- **Exercise objective**
Take the data below and copy exactly the lines starting at the one with "Nomfy Nomfy iPad" and finishing at the one with "Portronics Vader Pro", both included.
[[ Exercise materials open ]]
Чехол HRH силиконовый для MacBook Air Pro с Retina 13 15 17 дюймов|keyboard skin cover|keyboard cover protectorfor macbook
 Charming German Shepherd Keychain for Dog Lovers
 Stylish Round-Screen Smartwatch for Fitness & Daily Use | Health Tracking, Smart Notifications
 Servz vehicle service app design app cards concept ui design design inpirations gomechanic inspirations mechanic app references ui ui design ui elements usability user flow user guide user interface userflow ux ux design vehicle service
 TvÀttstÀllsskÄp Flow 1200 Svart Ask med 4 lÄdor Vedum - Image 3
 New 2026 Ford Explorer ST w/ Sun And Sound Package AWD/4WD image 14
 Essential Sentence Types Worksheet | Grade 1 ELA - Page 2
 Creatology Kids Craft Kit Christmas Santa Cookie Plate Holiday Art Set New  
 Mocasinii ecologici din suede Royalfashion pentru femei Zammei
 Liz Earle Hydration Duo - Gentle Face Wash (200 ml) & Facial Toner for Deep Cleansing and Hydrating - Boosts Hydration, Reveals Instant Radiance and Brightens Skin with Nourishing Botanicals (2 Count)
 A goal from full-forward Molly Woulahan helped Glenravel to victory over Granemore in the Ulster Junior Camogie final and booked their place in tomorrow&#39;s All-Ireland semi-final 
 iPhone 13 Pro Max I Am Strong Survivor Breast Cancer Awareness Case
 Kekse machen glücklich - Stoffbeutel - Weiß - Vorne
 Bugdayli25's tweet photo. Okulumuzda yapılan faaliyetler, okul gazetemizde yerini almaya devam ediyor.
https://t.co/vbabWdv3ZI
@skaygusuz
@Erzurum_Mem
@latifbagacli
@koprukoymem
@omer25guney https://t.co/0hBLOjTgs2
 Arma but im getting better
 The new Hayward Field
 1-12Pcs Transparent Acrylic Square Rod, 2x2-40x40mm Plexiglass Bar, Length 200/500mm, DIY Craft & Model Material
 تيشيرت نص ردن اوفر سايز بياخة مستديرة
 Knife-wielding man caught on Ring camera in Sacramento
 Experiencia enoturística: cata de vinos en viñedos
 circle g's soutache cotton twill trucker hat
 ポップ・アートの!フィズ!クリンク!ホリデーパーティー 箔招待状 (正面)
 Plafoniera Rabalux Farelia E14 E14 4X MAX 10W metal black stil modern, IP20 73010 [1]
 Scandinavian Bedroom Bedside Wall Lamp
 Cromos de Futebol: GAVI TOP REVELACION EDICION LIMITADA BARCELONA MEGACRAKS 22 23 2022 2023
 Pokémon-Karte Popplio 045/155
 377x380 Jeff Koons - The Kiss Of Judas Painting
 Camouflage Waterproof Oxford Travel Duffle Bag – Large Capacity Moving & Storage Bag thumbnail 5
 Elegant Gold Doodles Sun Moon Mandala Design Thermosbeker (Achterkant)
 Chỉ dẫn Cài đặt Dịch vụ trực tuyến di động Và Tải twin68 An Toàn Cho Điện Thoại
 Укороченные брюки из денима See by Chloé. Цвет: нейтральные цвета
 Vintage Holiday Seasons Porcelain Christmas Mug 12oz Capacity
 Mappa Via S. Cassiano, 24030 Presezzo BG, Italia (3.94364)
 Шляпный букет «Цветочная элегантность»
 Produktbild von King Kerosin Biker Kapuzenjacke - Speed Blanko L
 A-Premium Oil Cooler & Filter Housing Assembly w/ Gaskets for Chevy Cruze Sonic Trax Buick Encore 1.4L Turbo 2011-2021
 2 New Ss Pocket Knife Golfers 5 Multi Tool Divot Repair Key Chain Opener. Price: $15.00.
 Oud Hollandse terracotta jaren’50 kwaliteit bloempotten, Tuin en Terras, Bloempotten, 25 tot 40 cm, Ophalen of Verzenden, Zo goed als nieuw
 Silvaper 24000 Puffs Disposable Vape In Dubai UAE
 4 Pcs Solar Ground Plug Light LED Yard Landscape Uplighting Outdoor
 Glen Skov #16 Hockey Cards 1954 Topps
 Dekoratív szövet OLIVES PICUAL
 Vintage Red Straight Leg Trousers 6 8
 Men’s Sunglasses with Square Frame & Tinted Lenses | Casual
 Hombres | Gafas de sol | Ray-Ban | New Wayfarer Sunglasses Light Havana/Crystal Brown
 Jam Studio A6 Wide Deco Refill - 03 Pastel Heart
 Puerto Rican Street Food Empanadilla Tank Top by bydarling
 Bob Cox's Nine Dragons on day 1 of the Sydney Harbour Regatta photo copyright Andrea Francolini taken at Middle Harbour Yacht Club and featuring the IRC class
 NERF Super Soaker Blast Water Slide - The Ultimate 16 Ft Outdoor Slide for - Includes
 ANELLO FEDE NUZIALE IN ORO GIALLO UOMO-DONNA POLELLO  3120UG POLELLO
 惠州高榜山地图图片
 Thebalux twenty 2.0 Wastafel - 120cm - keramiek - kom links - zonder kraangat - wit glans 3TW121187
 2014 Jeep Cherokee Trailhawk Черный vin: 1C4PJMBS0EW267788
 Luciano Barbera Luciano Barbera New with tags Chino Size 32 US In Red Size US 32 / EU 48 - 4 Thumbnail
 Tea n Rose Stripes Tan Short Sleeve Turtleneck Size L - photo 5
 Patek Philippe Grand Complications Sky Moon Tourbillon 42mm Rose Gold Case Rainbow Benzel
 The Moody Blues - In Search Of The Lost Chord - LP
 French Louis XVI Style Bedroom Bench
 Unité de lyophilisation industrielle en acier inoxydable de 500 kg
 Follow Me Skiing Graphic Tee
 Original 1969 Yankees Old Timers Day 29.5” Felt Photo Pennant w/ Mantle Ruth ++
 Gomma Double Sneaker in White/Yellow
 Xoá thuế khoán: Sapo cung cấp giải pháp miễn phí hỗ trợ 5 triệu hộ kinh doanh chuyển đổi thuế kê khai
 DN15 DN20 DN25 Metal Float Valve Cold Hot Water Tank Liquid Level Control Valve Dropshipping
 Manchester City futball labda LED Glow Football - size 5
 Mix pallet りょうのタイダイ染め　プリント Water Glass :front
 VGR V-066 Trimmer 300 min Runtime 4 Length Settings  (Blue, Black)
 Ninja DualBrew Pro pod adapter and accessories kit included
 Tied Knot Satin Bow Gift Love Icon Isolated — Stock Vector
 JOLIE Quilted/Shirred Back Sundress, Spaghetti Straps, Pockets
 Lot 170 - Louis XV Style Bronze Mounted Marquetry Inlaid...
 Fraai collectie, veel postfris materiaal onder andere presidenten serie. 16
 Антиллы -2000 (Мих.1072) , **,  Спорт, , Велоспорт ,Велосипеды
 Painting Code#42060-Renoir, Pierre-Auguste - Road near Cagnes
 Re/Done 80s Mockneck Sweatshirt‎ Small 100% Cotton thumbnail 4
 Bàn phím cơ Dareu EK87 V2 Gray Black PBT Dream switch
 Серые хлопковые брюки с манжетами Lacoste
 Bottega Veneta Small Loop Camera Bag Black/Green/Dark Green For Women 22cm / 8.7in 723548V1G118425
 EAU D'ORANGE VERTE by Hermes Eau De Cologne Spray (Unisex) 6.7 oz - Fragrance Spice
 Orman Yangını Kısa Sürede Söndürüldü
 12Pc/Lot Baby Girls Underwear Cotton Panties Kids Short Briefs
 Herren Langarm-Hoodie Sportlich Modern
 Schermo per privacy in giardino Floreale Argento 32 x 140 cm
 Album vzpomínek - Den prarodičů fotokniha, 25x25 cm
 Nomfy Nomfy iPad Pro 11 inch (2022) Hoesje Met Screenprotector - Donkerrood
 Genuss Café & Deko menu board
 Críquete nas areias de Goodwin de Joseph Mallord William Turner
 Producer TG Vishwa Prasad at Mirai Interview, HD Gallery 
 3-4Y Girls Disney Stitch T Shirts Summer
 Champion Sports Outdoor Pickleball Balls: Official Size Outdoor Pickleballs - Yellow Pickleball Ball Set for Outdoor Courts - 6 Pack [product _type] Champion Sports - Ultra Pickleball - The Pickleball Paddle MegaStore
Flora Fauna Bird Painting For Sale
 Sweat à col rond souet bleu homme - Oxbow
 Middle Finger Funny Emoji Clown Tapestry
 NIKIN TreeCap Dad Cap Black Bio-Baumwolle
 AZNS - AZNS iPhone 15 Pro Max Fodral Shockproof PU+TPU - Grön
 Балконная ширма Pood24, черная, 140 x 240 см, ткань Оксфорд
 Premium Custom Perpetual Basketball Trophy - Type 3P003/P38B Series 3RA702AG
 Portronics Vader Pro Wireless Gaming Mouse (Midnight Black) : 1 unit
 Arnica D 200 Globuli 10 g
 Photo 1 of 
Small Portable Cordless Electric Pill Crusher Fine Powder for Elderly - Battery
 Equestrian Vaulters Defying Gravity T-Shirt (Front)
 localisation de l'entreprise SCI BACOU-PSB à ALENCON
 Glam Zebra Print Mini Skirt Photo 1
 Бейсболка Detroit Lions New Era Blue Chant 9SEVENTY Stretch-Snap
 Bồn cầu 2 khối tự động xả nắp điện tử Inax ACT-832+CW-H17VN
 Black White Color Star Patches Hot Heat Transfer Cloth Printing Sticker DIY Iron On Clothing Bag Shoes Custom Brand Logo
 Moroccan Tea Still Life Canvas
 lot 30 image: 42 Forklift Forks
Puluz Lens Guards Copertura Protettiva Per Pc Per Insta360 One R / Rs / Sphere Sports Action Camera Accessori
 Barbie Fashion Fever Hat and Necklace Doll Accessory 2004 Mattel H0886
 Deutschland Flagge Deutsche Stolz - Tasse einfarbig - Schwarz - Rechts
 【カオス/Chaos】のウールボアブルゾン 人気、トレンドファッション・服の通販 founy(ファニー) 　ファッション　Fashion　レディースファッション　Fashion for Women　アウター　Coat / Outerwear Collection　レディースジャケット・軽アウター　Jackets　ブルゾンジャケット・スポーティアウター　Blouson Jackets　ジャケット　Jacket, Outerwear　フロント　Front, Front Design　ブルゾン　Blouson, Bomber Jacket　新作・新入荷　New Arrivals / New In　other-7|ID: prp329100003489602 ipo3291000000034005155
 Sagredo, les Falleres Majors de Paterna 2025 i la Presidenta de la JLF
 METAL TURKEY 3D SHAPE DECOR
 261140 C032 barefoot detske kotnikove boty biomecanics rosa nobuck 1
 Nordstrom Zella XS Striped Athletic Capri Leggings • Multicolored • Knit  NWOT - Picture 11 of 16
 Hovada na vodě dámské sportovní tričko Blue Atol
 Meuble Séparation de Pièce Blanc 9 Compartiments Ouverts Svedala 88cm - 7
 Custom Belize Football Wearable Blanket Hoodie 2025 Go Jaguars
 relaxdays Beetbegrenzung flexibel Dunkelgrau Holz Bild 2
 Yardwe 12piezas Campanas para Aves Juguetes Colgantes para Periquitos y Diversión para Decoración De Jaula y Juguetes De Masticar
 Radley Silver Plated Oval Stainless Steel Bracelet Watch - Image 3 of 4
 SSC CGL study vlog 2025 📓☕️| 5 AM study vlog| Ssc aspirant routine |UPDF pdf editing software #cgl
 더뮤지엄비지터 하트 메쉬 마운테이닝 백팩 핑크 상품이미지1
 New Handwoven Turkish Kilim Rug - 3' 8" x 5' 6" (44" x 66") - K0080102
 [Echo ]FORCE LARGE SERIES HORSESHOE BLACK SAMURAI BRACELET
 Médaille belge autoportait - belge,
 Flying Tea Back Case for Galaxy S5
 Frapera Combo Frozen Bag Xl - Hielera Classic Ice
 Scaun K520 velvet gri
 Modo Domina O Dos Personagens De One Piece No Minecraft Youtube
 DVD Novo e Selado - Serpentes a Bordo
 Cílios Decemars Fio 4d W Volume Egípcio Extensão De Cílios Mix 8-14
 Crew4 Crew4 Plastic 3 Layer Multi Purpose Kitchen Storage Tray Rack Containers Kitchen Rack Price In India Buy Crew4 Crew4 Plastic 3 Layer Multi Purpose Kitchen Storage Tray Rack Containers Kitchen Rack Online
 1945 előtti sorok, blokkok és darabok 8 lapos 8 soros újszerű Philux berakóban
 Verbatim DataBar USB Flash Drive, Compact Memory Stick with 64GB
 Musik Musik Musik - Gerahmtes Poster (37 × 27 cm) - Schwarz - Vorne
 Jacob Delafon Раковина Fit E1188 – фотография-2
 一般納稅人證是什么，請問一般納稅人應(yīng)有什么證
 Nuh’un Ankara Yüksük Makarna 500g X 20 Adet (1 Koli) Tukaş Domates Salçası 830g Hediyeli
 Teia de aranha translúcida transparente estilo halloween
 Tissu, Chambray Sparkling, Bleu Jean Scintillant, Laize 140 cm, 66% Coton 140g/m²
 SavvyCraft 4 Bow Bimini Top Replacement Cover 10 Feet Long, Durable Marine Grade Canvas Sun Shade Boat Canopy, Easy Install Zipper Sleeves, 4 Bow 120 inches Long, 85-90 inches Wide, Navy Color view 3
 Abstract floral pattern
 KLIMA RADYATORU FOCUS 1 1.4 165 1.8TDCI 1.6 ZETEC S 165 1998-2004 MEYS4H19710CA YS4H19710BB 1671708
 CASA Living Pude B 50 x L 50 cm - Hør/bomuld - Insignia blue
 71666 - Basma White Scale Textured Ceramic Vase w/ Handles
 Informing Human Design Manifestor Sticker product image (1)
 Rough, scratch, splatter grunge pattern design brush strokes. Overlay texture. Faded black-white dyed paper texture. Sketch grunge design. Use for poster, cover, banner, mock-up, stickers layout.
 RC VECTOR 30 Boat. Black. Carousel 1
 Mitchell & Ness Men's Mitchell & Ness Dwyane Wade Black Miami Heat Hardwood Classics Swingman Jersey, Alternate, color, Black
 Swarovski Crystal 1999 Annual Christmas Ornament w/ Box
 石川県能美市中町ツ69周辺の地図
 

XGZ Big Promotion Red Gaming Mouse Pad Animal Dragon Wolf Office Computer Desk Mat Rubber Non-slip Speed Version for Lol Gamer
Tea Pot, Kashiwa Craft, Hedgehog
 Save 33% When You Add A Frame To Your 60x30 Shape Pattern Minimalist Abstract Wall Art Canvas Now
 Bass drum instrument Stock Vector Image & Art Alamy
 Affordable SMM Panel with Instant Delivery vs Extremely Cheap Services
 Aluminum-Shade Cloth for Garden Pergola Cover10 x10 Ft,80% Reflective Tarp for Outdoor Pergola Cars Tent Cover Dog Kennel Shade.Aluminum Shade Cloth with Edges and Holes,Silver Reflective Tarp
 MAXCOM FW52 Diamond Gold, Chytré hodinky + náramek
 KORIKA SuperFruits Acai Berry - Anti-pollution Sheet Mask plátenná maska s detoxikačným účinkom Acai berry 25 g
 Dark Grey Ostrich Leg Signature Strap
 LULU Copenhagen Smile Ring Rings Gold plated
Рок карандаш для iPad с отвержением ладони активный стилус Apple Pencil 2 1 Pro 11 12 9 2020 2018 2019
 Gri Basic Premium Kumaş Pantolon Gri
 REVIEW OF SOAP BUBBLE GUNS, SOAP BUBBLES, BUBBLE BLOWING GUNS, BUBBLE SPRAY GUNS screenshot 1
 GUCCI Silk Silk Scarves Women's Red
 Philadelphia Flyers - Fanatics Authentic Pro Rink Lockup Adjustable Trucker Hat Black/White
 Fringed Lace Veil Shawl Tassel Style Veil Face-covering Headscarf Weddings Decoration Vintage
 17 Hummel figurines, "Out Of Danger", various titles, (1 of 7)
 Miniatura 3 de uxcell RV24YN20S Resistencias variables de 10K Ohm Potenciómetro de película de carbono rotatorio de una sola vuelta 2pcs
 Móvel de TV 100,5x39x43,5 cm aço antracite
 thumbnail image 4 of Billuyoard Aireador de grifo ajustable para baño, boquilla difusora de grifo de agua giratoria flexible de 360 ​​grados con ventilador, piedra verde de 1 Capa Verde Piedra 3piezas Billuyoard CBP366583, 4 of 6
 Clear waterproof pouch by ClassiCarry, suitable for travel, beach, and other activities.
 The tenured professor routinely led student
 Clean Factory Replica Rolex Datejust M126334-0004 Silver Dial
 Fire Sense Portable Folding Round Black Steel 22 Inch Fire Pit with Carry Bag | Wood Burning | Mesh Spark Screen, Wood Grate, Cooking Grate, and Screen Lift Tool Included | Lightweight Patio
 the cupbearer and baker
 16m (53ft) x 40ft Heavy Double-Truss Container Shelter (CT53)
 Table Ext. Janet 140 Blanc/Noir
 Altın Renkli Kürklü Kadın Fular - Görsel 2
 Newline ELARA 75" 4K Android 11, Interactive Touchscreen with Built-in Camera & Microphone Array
[[ Exercise materials closed ]]
- **Finished task**
 Nomfy Nomfy iPad Pro 11 inch (2022) Hoesje Met Screenprotector - Donkerrood
 Genuss Café & Deko menu board
 Críquete nas areias de Goodwin de Joseph Mallord William Turner
 Producer TG Vishwa Prasad at Mirai Interview, HD Gallery 
 3-4Y Girls Disney Stitch T Shirts Summer
 Champion Sports Outdoor Pickleball Balls: Official Size Outdoor Pickleballs - Yellow Pickleball Ball Set for Outdoor Courts - 6 Pack [product _type] Champion Sports - Ultra Pickleball - The Pickleball Paddle MegaStore
Flora Fauna Bird Painting For Sale
 Sweat à col rond souet bleu homme - Oxbow
 Middle Finger Funny Emoji Clown Tapestry
 NIKIN TreeCap Dad Cap Black Bio-Baumwolle
 AZNS - AZNS iPhone 15 Pro Max Fodral Shockproof PU+TPU - Grön
 Балконная ширма Pood24, черная, 140 x 240 см, ткань Оксфорд
 Premium Custom Perpetual Basketball Trophy - Type 3P003/P38B Series 3RA702AG
 Portronics Vader Pro Wireless Gaming Mouse (Midnight Black) : 1 unit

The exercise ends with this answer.